__Task requirements__:
Transcribe, word for word and without additions, each line below from the one containing "工業(yè)吸塵器_強(qi" through the one containing "一梦江湖手游每日打坐点在哪_坐观万象每日修炼坐标位置分享", both ends included.

__Material supplied__:
=== Begin Enclosure ===

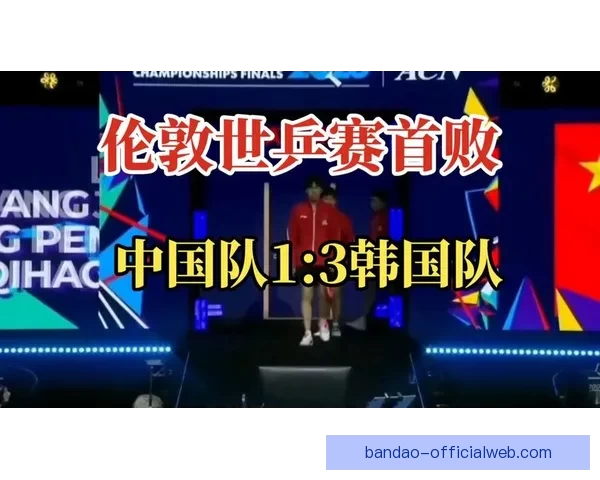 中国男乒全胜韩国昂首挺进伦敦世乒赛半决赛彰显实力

=== End Enclosure ===
=== Begin Enclosure ===

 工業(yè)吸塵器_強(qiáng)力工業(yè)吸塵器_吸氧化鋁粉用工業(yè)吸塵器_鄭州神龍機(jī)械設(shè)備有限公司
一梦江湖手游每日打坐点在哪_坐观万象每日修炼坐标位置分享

=== End Enclosure ===

__Exercise answer__:
 工業(yè)吸塵器_強(qiáng)力工業(yè)吸塵器_吸氧化鋁粉用工業(yè)吸塵器_鄭州神龍機(jī)械設(shè)備有限公司
一梦江湖手游每日打坐点在哪_坐观万象每日修炼坐标位置分享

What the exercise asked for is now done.